Your answer should be the exact lines of the data below from the one containing "Wappen von Witnica" through the one containing "APII jpeg image"; please include nothing else.
== DATA ==
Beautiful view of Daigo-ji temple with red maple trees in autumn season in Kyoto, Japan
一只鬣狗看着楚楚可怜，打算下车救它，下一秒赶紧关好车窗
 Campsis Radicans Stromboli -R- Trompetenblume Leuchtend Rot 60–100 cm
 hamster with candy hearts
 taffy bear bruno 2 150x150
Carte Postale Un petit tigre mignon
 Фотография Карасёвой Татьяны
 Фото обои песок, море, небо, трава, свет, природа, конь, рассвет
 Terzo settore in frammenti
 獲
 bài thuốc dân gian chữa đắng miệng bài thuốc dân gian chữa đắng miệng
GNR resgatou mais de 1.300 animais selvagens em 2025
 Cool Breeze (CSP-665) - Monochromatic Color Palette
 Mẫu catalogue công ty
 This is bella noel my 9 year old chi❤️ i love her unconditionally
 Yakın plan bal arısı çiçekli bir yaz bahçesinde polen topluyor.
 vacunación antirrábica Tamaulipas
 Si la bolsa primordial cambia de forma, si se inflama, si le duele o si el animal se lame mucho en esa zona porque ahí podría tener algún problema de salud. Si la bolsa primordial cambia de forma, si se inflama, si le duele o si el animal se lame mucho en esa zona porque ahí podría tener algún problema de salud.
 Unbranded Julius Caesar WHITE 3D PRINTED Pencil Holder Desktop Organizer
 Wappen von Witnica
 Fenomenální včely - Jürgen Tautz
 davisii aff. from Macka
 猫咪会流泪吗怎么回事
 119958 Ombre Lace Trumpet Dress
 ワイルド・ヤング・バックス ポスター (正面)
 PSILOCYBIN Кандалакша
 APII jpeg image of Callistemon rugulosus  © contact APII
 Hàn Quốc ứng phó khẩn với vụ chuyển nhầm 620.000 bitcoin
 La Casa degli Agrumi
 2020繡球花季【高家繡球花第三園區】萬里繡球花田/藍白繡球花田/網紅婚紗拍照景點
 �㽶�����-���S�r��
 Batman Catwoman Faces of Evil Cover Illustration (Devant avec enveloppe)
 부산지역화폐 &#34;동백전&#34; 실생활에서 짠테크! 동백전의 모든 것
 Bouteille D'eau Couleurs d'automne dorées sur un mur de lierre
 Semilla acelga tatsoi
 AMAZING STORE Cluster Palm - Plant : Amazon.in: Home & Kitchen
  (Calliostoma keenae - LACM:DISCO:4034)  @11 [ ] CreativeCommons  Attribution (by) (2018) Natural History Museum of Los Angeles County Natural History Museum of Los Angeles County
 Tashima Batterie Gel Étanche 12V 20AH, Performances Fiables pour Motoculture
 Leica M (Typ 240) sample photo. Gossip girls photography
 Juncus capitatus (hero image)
===
> [REPLY]:
 Wappen von Witnica
 Fenomenální včely - Jürgen Tautz
 davisii aff. from Macka
 猫咪会流泪吗怎么回事
 119958 Ombre Lace Trumpet Dress
 ワイルド・ヤング・バックス ポスター (正面)
 PSILOCYBIN Кандалакша
 APII jpeg image of Callistemon rugulosus  © contact APII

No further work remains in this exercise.